*ACTIVITY*: Would you transcribe the line containing "27317257472900330259" and every line after it, through the end of the records below, exactly and with nothing else?
===
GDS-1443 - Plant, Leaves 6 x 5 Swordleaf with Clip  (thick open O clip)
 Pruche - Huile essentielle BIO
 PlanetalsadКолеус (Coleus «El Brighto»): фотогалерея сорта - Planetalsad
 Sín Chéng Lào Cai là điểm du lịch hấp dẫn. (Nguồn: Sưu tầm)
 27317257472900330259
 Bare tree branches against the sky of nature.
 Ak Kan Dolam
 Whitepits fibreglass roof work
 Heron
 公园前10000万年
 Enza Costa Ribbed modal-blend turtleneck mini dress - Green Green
===
*EXERCISE OUTPUT*:
 27317257472900330259
 Bare tree branches against the sky of nature.
 Ak Kan Dolam
 Whitepits fibreglass roof work
 Heron
 公园前10000万年
 Enza Costa Ribbed modal-blend turtleneck mini dress - Green Green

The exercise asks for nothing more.